TRY IT: Return an exact copy of the entries, skipping any picture you find.
***
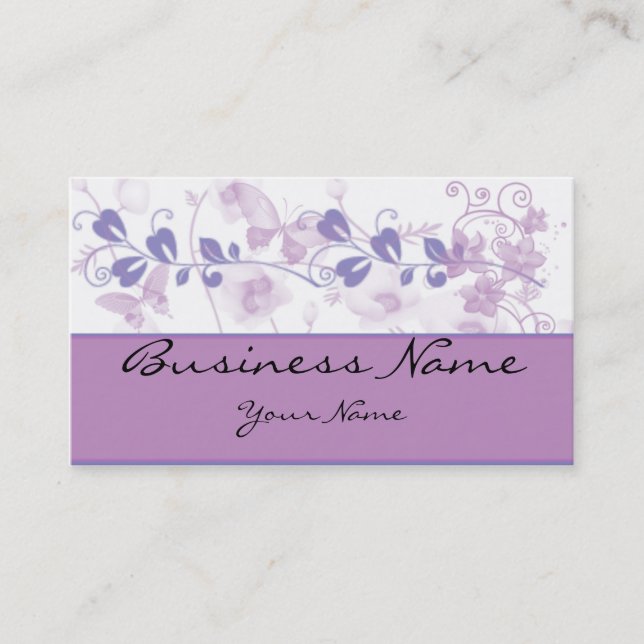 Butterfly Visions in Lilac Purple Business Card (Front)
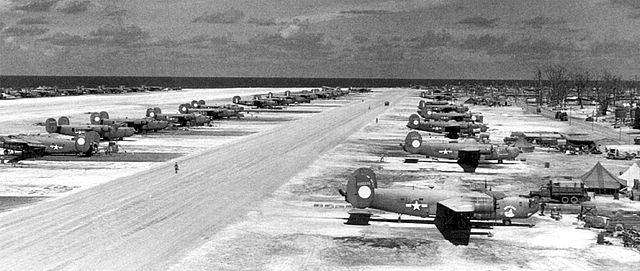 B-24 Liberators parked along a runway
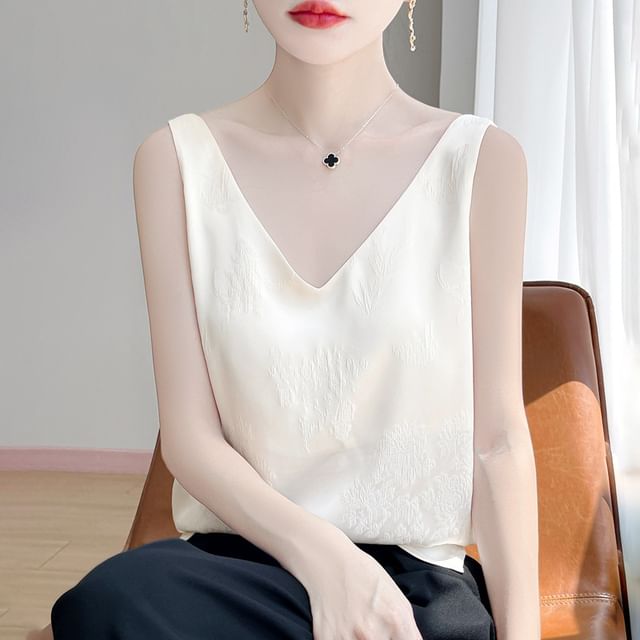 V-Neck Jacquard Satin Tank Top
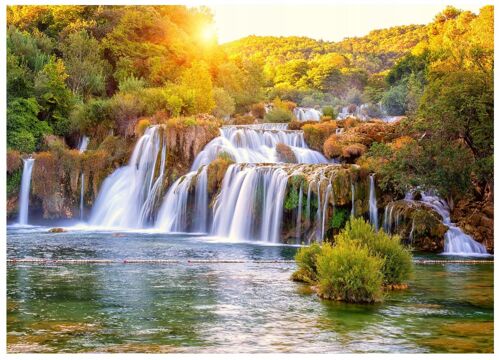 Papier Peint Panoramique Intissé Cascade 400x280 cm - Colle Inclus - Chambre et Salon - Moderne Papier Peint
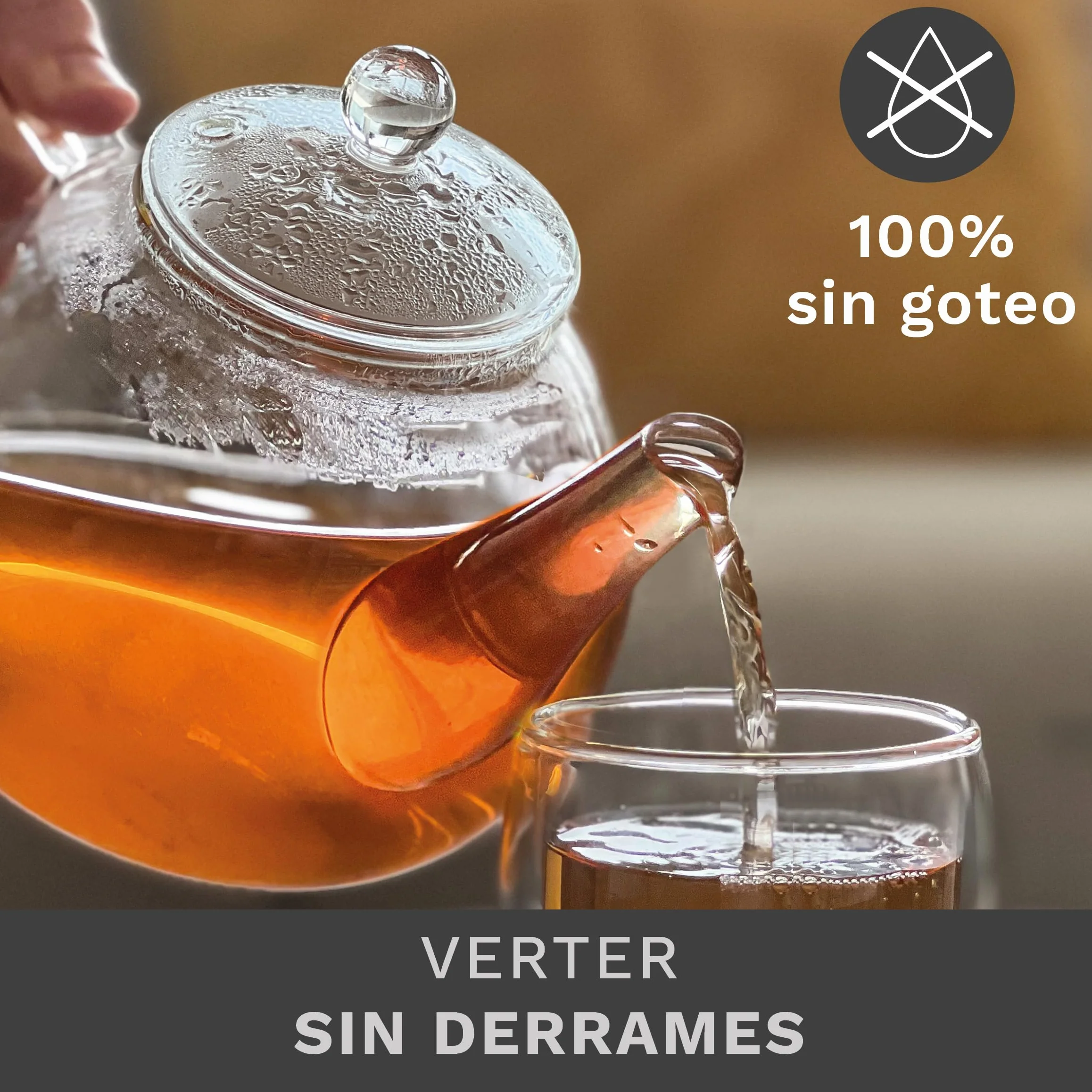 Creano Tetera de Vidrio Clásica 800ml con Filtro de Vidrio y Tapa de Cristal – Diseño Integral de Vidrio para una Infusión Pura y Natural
***
SOLUTION TO THIS PROBLEM:
 Butterfly Visions in Lilac Purple Business Card (Front)
 B-24 Liberators parked along a runway
 V-Neck Jacquard Satin Tank Top
 Papier Peint Panoramique Intissé Cascade 400x280 cm - Colle Inclus - Chambre et Salon - Moderne Papier Peint
 Creano Tetera de Vidrio Clásica 800ml con Filtro de Vidrio y Tapa de Cristal – Diseño Integral de Vidrio para una Infusión Pura y Natural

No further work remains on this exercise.